Here are the things you should do when your fan seems like not working at all:
- Check all the fan controls. These include the switch and the fan’s remote control. Check the switch if it can be turned smoothly as before. If you feel something has changed, then it must be a switch problem. Problem like this is best trusted on professionals, unless you know how to repair a broken switch. Try the remote control, too. If it’s not working, maybe the batteries are already dying. Replace them and test the remote again. If nothing happens, opening the remote control might be needed.
- Check the connection. This is most probably the problem if both the light and the fan are not working properly. Make sure to switch off the fan or better yet, the power switch of the house before you check the switch. Simply reconnect the loose wiring and cover it up with electric tape.
- Check the black wire. This thing connects the fan to the motor. It should be connected well to ensure enough power supply to the fan.
- Test the blades. Try to turn the blades if they can turn smoothly. If they can’t, maybe they need oiling or maybe some dirt is stacked around the blade.
What if your fan is working but it turns very slowly? Try to check the blades, as instructed above. If nothing happens, then try any of the following possible solutions:
- Check the capacitor. Some ceiling fans have permanent split capacitor motor. As this motor grows older, they also make the fan run slower. Check if the capacitor is too old already. Consider its need for replacement.
- Check for wobbles. Is there any weird vibration? If yes, that might have been caused by a slower motor, which results to slower running of blades due to unbalanced blade proportion. Try to balance the blade so wobbling will be prevented.
- Other troubleshooting. There are still a lot of other ceiling fan problems that need troubleshooting. For instance, if you hear mechanical noise while the fan is running, then it should be a problem with the motor or anything mechanical. Repairing these problems usually require opening of the fan motor, which should be trusted on professionals, unless you can take the risk.

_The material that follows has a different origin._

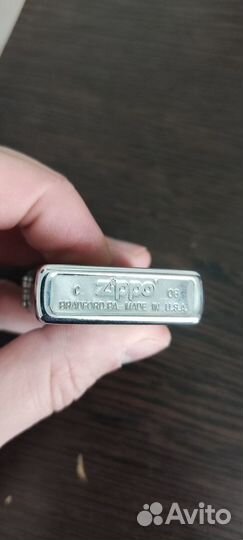 Зажигалка бензиновая zippo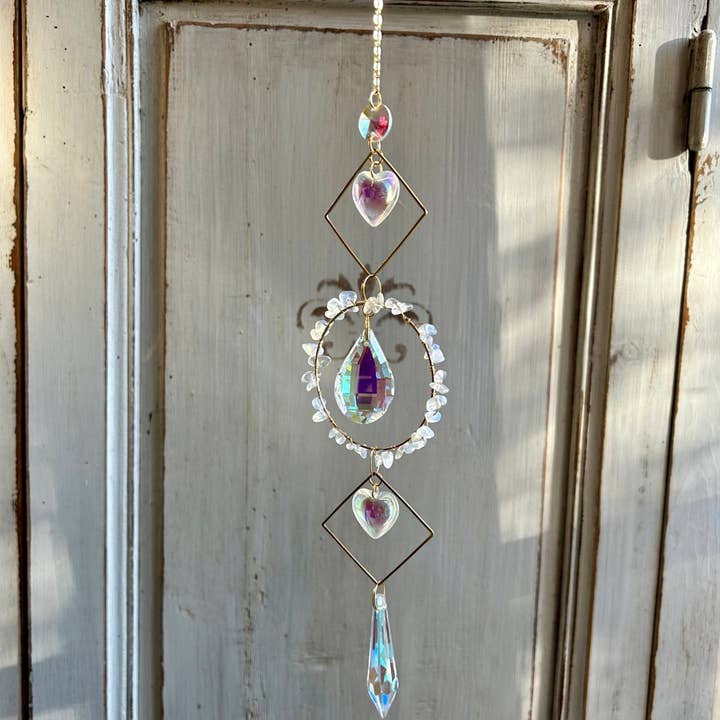 Mamie Bohéme - Wholesale Suncatcher - Sun catcher - Natural stones9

Meanwhile, other problems only need proper control of the fan speed or removing of dirt trapped in the fan. It’s best to look closer on the ceiling fan to see what’s wrong before you do anything or call a professional. If the problem seems like something you can’t handle, then better get some help. It will be more expensive to replace a broken ceiling fan because of faulty repair than pay a professional to fix your old fan.